評者の経験では、週一〇コマの講義を担当すれば、論文を書いている時間はない。ところが瓶子講師は、学食の一八〇円うどんをすすりながら、研究にも精を出すワーカホリック&ワーキング・プアである。
大学というところは、“超”格差社会である。助教、准教授、教授というヒエラルキーの頂点に君臨するのが、この本のタイトルになっている“Dマル合”教授である。これは、博士論文の合否判定を行う資格を持つ教授のことで、この認定を受けるためには、博士号を持ち、毎年相当数の論文や著書を発表していることが条件になっている。
理工系大学にはDマル合教授が大勢いるから、“おれはマル合だぞ”と威張ったらバカにされるだけである。しかし、博士号を持つ教授が少ない文系学部や文・理混合学部では、絶大な権威を持っているらしい。

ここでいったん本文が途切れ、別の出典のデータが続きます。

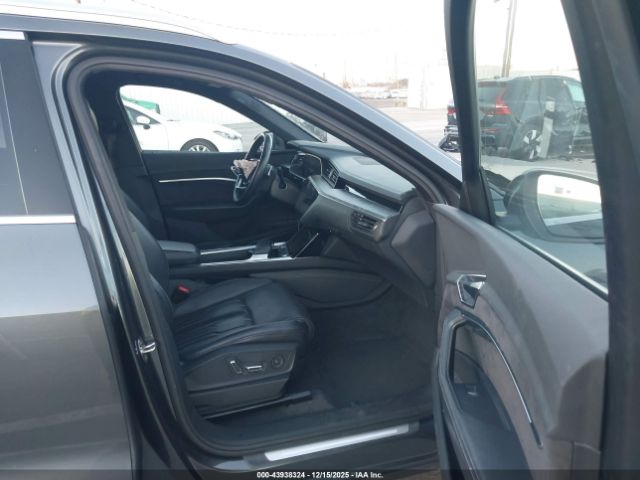2019 AUDI E-TRON WA1VAAGE9KB006505 Photo 4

要領が悪く運も悪かったために、出身大学から放出された瓶子青年は、将来は常勤ポストに就くことを狙っている。その近道は、節を曲げて“マル合の下僕”になることである。はたして瓶子青年は、アカハラ、セクハラ、中傷誹謗、足の引っ張り合いなど、何でもありの大学で、常勤ポストにありつくことは出来るのでしょうか???
評者が勤務していた理工系大学にも非常勤講師はいる。しかし彼らは定職がある人で、担当するのは高々週二コマだった。またアメリカの大学には、非常勤講師なる人種はほとんどいなかった。
日本の大学には、なぜこれほど多くの非常勤講師がいるのか。その理由は、常勤スタッフがあまり働かないこと、非常勤講師の採用が常勤教授の利権に結びついていること、“教えなくてもいい科目”が多すぎること、そして国が博士の大量生産をプッシュしたことではなかろうか。
変人奇人ばかりが登場する物語であるにもかかわらず、読後感が爽やかなのは、誉少年のおかげである。家事の切り盛りが上手で、学校の成績もいい。そして、要領と運が悪い叔父を激励し、自分を捨てた母親にも理解を示す、“出来がいい”小学生である。
また名門出身の変態常勤講師、千万円単位の研究費を持つアカハラ・マル合教授、実力派の腰かけ女性助教などが、この物語に花を添えている。日本には数少ない、見事なキャンパス小説である。
著者の高殿円氏は大学勤務の経験はないようだが、大学の内情に関する詳細かつ正確な記述に唸らされた。評者の視力が衰える前に、続編が出ることを期待している。